In summary, my initial attempt failed because I could not structure the data in such a way for a model to perform the mathematical operations required to predict what number a handwritten digit represents.

While I could make arrays of the pixel values for the numbers and associate these arrays with their label in a dictionary - the label being the key and the pixels values the values. I could not find a way to parse the CSV file and merge all the arrays of pixel values per their digit label i.e. 0-9.

What PyTorch brings is several built-in techniques that can arrange the data such that said operations work.

The solutions

Currently I have two programmes that generate models capable of recognising handwritten digits. The first one uses the MNIST database that PyTorch includes natively. It is based on the tutorial they provide here. Initially, I had thought to just discuss this solution but then I came across this alternative take: link, which I then adapted. This version is based on the same MNIST CSV file I used in previous attempt. I think it is worth comparing these two as, somewhat surprisingly, the second programme yielded a more accurate model that requires few epochs of training.

I am puzzled by this as PyTorch’s own solution, which actually uses original image files, is less accurate than the second solution, which uses numbers representing the grey scale pixel hues of these images and then recombines into images. I’ll speculate on why this might be the case in the next section.

accuracy of solution 1 after 20 epochs training

accuracy of solution 2 after 3 epochs training

In any case, the real point here is to highlight why PyTorch works.
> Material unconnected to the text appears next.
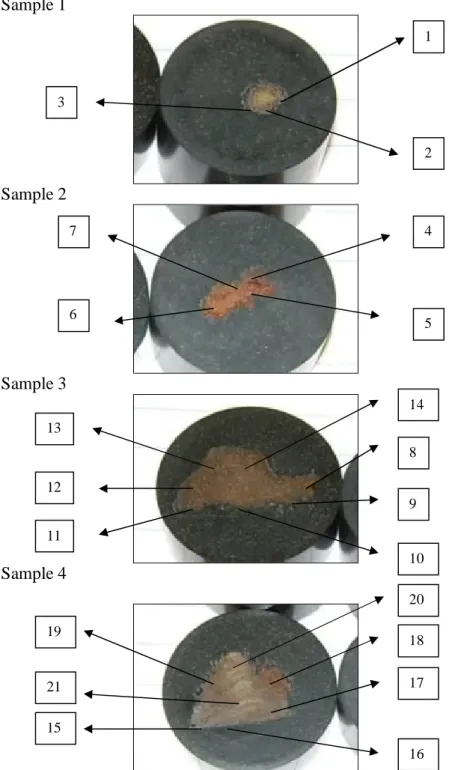 Figure 4.8: Areas of interest in the optical microscopy inspection 
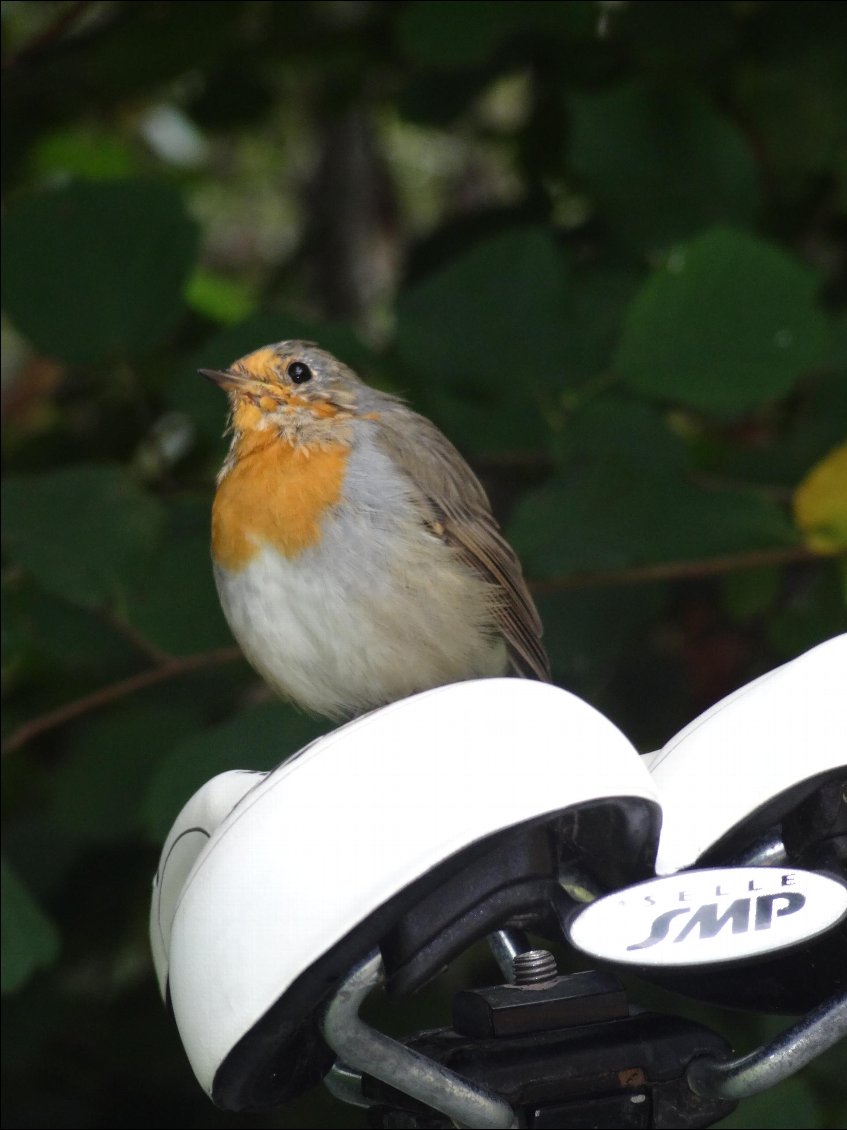 Petit Rouge-gorge sur ma selle de vélo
Well, it works due to two features, namely that it can generate tensors and neural networks.

Tensors are a longstanding mathematical concept but in this context they are extremely similar to arrays just with some additional restrictions on their structure.

In the second solution, the programme works where my initial attempt didn’t as it stores training data in the form of a tensor rather than an array. Then, in both this and the first solution, the programme uses PyTorch’s DataLoader function to put tensors into batches that can be feed to the GPU for calculation. This is important as analysing individual tensors and labels would be extremely inefficient, although batch sizes cannot be too large either as this decreases accuracy.

With the Neural Networks, this enables the model to adjust the data by ‘weighting’ elements (for more information on this see my comments on CH1). By adjusting how the values are weighted, the model becomes either more or less accurate (obviously we want it to become more accurate).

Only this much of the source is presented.